国際標準化を行っている,国際団体は,先のnoteのように大きく3つの団体がある.1)電気関係,IEC(International Electrotechnical Commission),2)通信関係 ITU(International Telecommunication Union),3)それ以外すべてISO(International Organization for Standardization)

1)電気関係 IEC(アイイーシー)(International Electrotechnical Commission) (https://www.iec.ch/index.htm)(1906年に,そのころ開発が急速に進んできた電気関連の技術の国際的な標準規格を作ろうとして,イギリスで発足した(発足当時の13か国:アメリカ、イギリス、イタリア、オーストラリア、オランダ、カナダ、スイス、スペイン、ドイツ、日本、ハンガリー、フランス、ベルギー).そのころは電気関連の技術,発電機,送電,電灯,電動機などが急速に発展しており,それらを国際的にスムーズに発展するために,それらを取り巻く規格,仕様,用語などを国際的に統一しよう,という機運が高まっていた.まさに電気の工業利用が発展しはじめた時期であった.その時期の有名な電気エンジニアには,エジソン,テスラ,ファラデー,ケルビン,マルコーニなど,電気通信の創成期を造った偉大なエンジニアがいる.IECのメンバーは,National Committee,と呼ばれる,各国を代表する会議体である.日本では,経産省の配下に”日本産業標準調査会”(JISC)呼ばれる審議会があり,JISCがIECのメンバーである.

2)通信関係 ITU(アイティーユー)(International Telecommunication Union) (https://www.itu.int/en/Pages/default.aspx)  1865年に,国際的な通信をスムーズに行うために,International Telegraph Unionが発足した.当初はモールス信号,ついで音声信号の無線通信について,国際的に協調して通信が行えるよう,規格の制定を行っている.1900年にはラジオ放送の実験が始まったことを受けて,国際間の協調を行うため,1906年にはInternational Radiotelegraph Conferenceが開催され,国際間のラジオ放送の規格などについて話し合いが開始された.その後,1932年にInternational Telecommunication Unionとして,通信の標準化を行うようになった.さらに,1947年には,UNの一機関として活動することになった.ITUのメンバーは,国,私的機関(企業)及び大学である.日本からは,20以上の団体,企業,大学が参画している.

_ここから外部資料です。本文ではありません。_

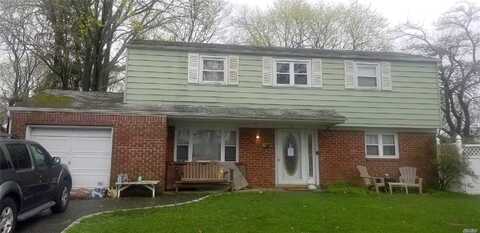 Elwin Pl, EAST NORTHPORT, NY 11731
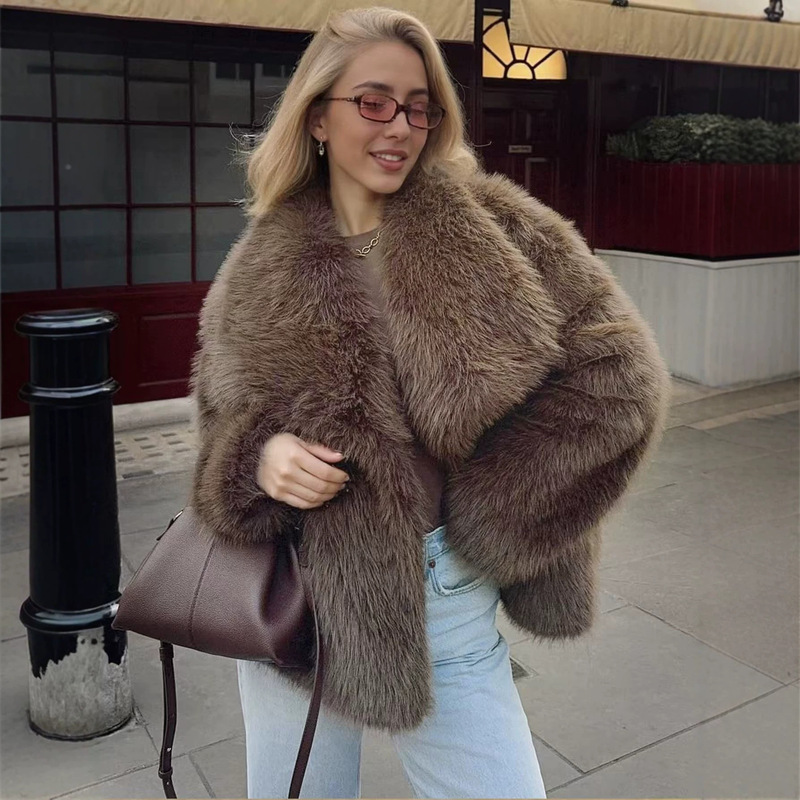 European and American Cross-Border Women's Clothing Imitation Fox Fur Coat Regular Style Faux Fur Coat Top European and American Cross-Border Women's Clothing Imitation Fox Fur Coat Regular Style Faux Fur Coat Top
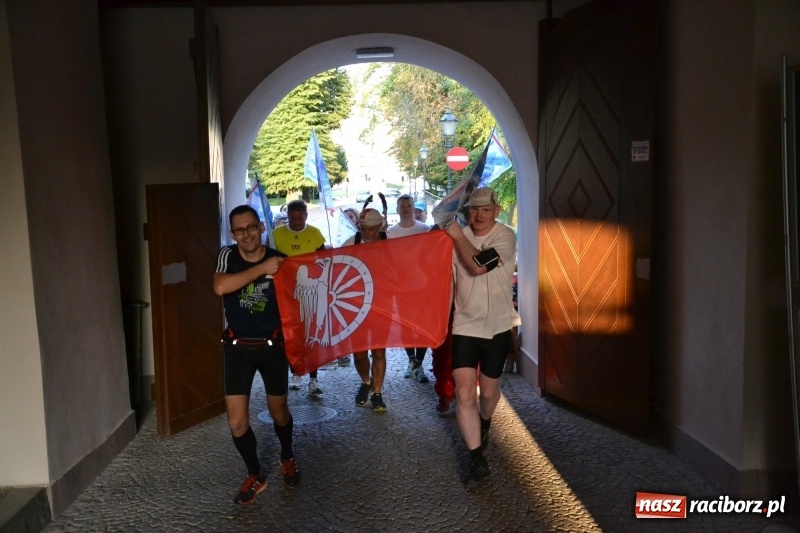 Zdjęcie w galerii na portalu naszraciborz.pl: Uczestnicy biegu upamiętniającego 334. rocznicę Odsieczy Wiedeńskiej i 300-lecie koronacji ikony jasnogórskiej dotarli na zamek  wiadomości z regionu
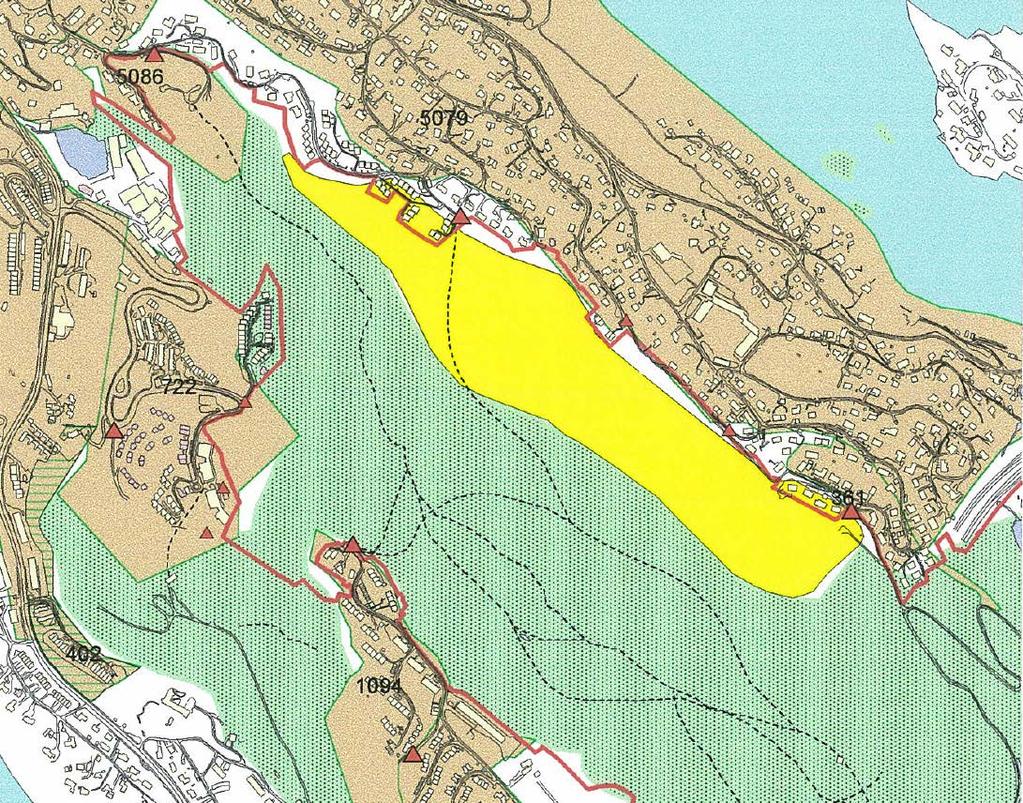 området markert med gult i figuren under omgjøres fra LNF-område til område for fremtidig boligbygging (Øvrig byggesone) i ny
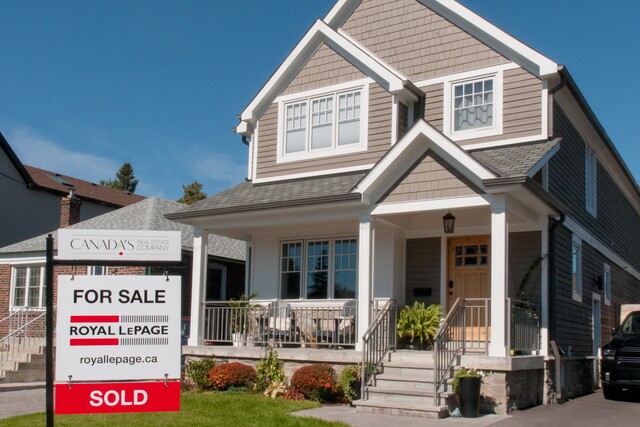 Kelowna real estate market remains 'subdued,' with prices falling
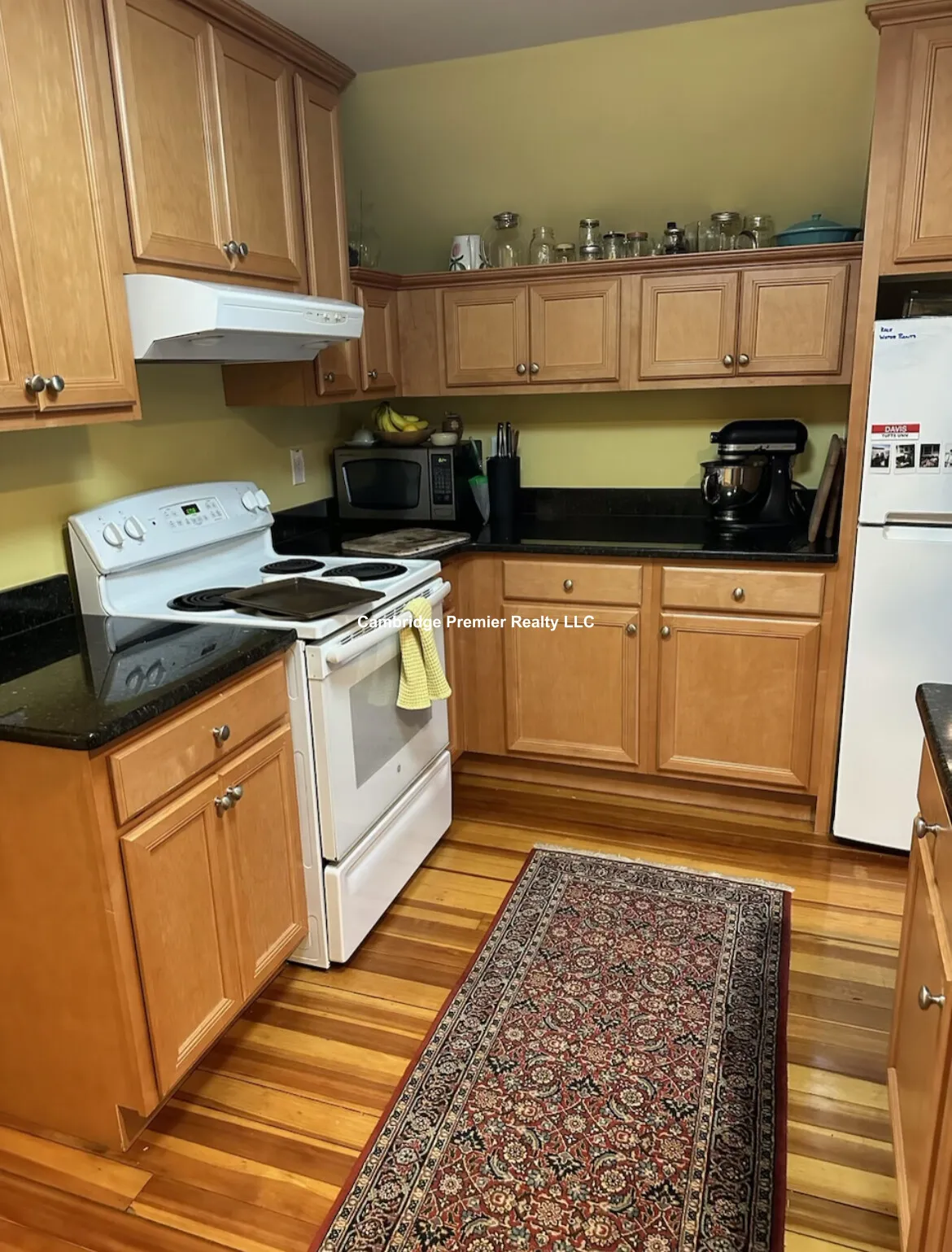 2 bed, 1 bath apartment for rent at 72 Powderhouse Blvd Unit 3, Tufts — photo 4 of 8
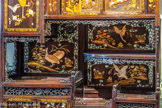 <center>Cabinet sho-dana.</center>Les panneaux, disposés de façon asymétrique, sont ornés de compositions florales survolées d’oiseaux, de canards ou de grues, et figurant des personnages aux postures théâtrales.
Le meuble de type sho-dana constitue une composante essentielle du mobilier des seigneurs féodaux et se dote sous l’ère Meiji d’étagères à charnières modulables, accueillant livres, rouleaux et matériel d’écriture. Le travail d’incrustation de style Shibayama se distingue par le travail en relief d’éléments sculptés, apposés sur le modèle de l’applique. Beaucoup de ces objets ont été exportés en Europe sous l’ère Meiji.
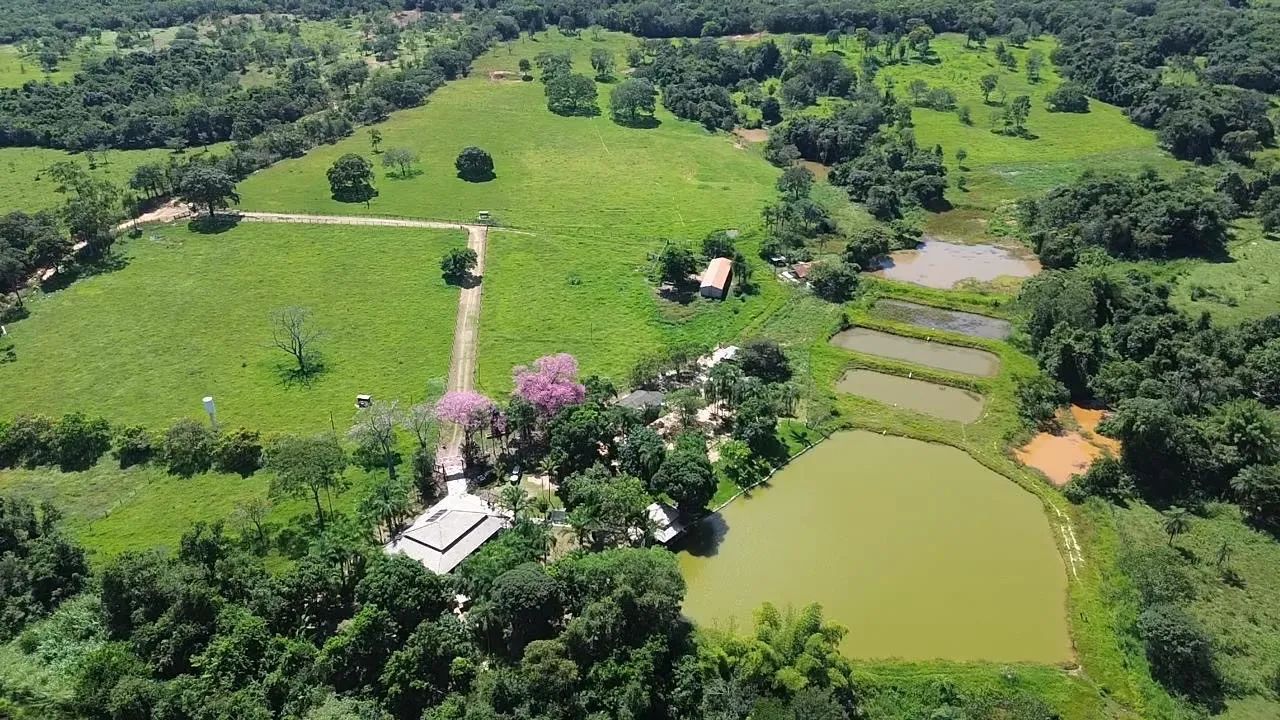 Chácara de 8.5 alqueires 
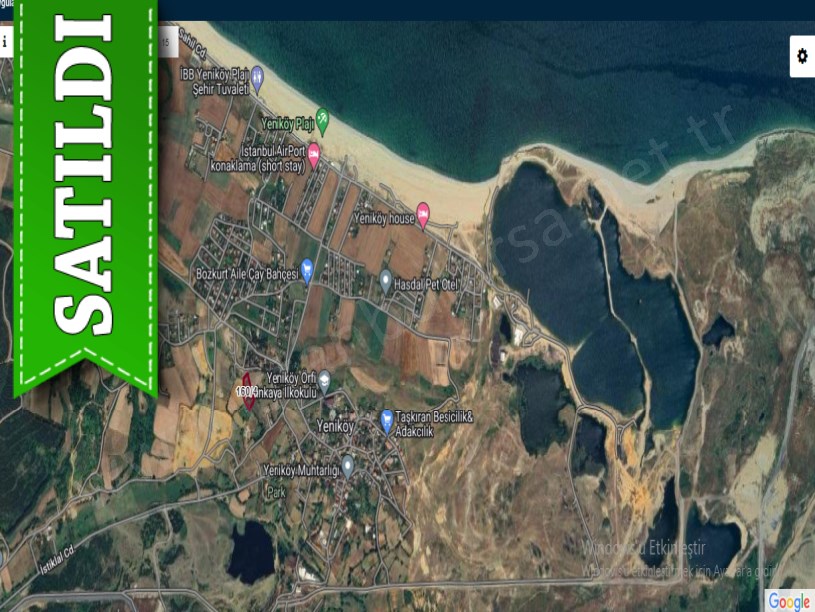 Arnavutköy Yeniköyde Satılık Arsa , 530 M2 Yolu Var Hisseli 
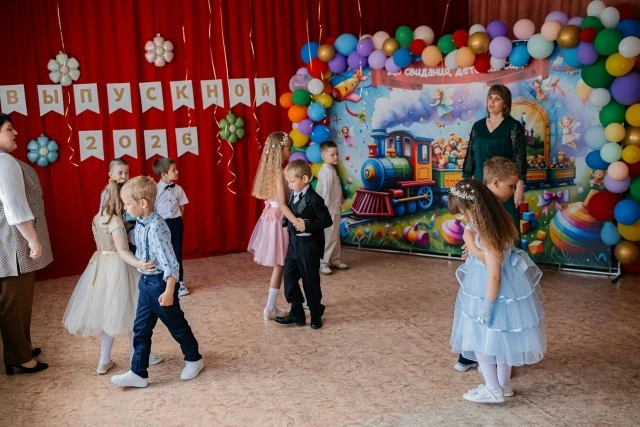 Выпускной в детском саду - очень важный праздник для детей и их родителей. Казалось бы,...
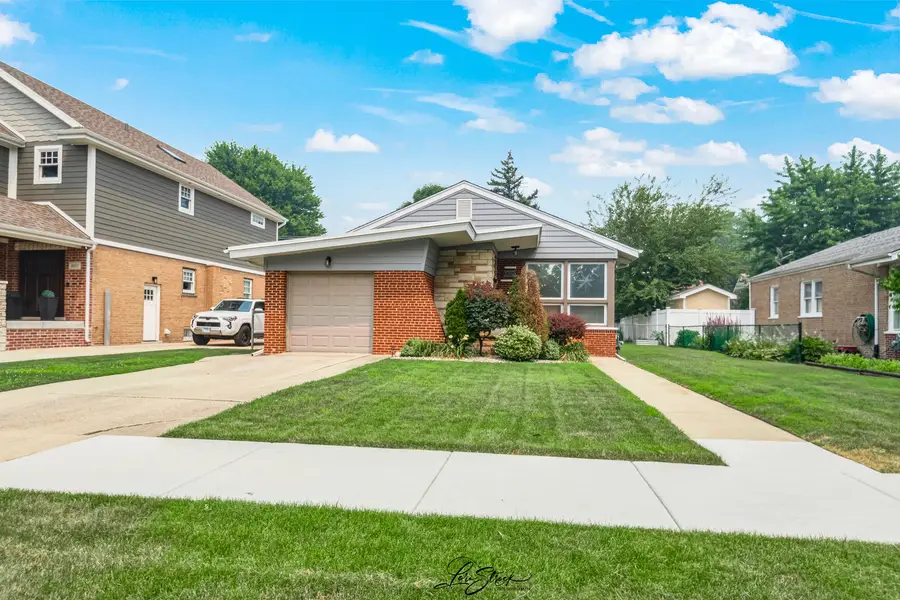 10029 S Central Park Avenue, Evergreen Park, IL 60805 - #2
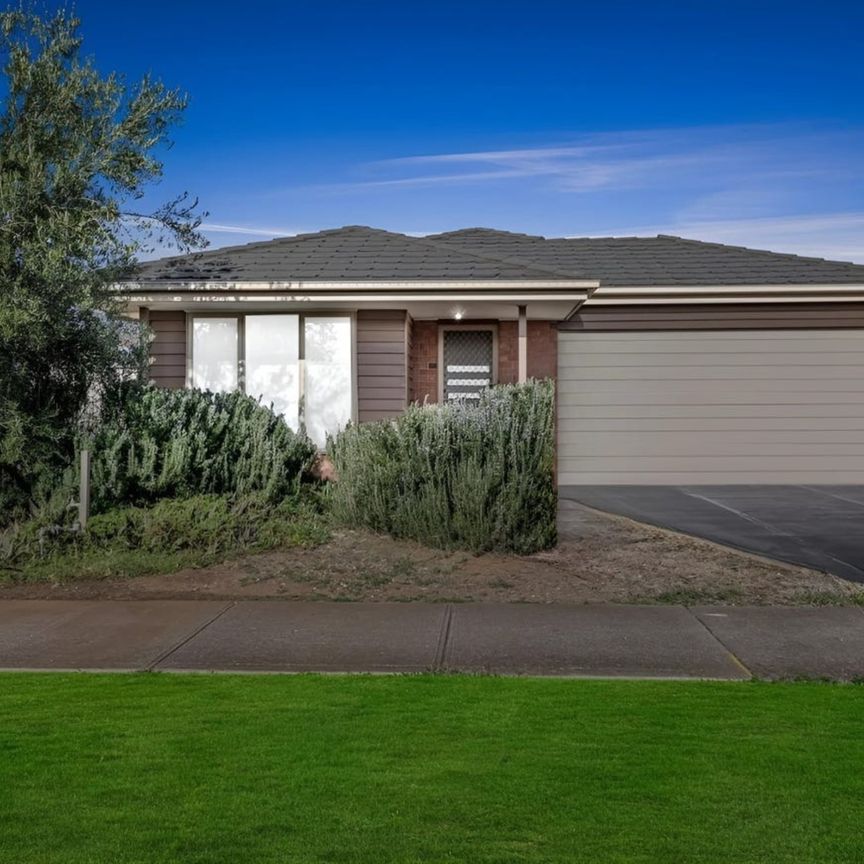 17 Fieldstone Way, Brookfield VIC 3338 - Photo 1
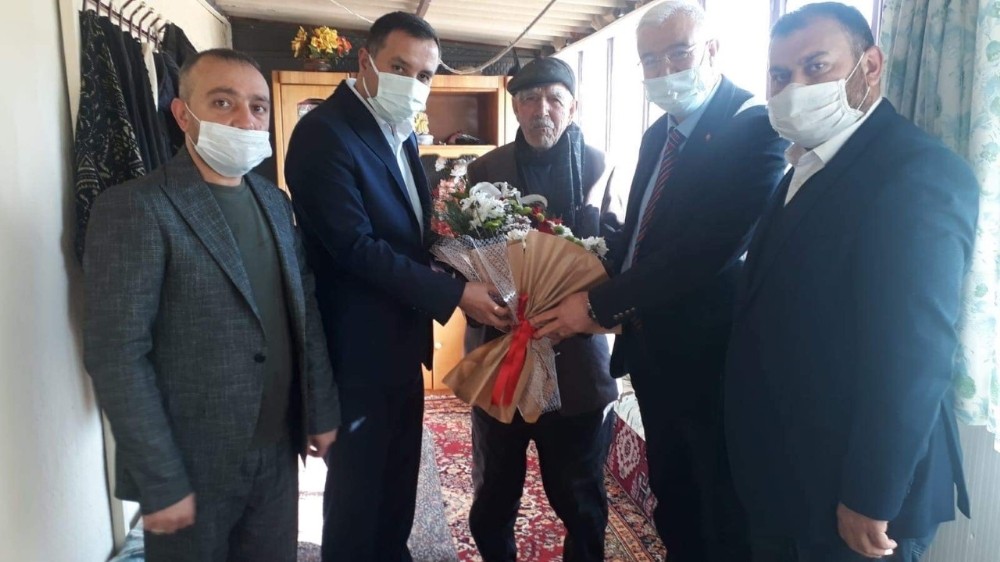 Karaman’da AK Parti ve MHP İl Başkanından şehit ailesine ziyaret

3)国際標準化機構 ISO(アイエスオー,イソではない)(International Organization for Standardization)(https://www.iso.org/home.html)   1926年に設立された万国規格統一協会(ISA: International Federation the National Standardizing Associations)があったが,第二次世界大戦のために1942年に活動を中止した.1947年に新たに国際標準化機構(ISO)が創設された.取り扱う範囲は,上述のIEC(電気関連のみ),ITU(通信関連のみ)とは異なり,国家間の産業に関わる全ての分野の標準化を行っている.ISOの設立の趣旨は,'to facilitate the international coordination and unification of industrial standards',であり,国家間の産業が協調して活動できることを目標としている.ISOのメンバーは,IECと同じく,各国のNational Committeeがメンバーである.日本からは,IECと同じく経産省下の審議会であるJISCが参加している.